通过在连接 USB 大容量存储设备时可以自动触发软件更新安装，可以进一步促进对所述命令注入漏洞的利用;这是一个“已知功能”，只需在存储设备上放置一个名为 jci-autoupdate 的空文件即可激活。

Once the initial compromise is achieved, the attacker can gain persistence through manipulation of the root file system, such as installing backdoored system components which will persist across system restarts.
一旦实现最初的入侵，攻击者就可以通过操纵根文件系统来获得持久性，例如安装后门系统组件，这些组件将在系统重启后仍然存在。

Furthermore, the attacker can move laterally and install a specially crafted VIP microcontroller software allowing unfettered access to vehicle networks, potentially impacting vehicle operation and safety. Specific impacts (what could be controlled and how) were not investigated during this research effort.
此外，攻击者可以横向移动并安装特制的 VIP 微控制器软件，从而允许不受限制地访问车辆网络，从而可能影响车辆运行和安全。在这项研究工作中，没有调查具体影响（可以控制什么以及如何控制）。
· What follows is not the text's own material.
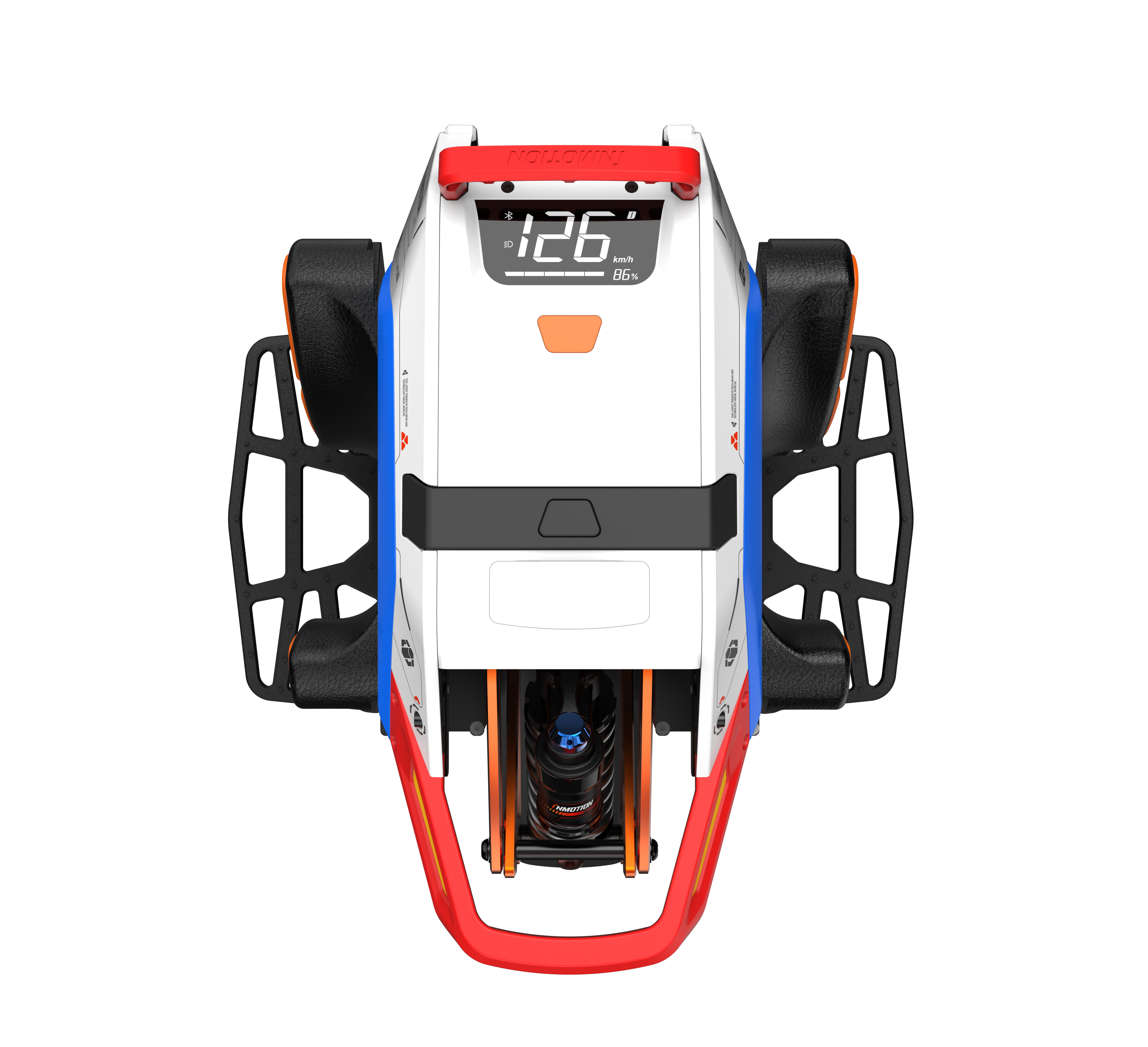 Robotic device with a digital display on a white background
In the lab environment, the entire attack chain – from plugging in a USB drive to installing a crafted update on the VIP – takes only a few minutes. Currently, there is no reason to believe a similar attack will take significantly more time against a unit installed in a car. This means that the vehicle can be compromised while, for example, it is being handled by a valet, during a ride share, or via USB malware. Naturally, the same can be done in a shop environment where there are no significant time pressures.
在实验室环境中，整个攻击链 – 从插入 USB 驱动器到在 VIP 上安装精心设计的更新 – 只需几分钟。目前，没有理由相信针对安装在汽车中的装置进行类似的攻击会花费更多时间。这意味着车辆可能会受到损害，例如，当它由代客泊车、拼车期间或通过 USB 恶意软件处理时。当然，在没有重大时间压力的车间环境中也可以这样做。

The CMU can then be compromised and “enhanced” to, for example, attempt to compromise any connected device in targeted attacks that can result in DoS, bricking, ransomware, safety compromise, etc.
然后，CMU 可以被入侵和“增强”，例如，尝试在有针对性的攻击中入侵任何连接的设备，从而导致 DoS、变砖、勒索软件、安全危害等。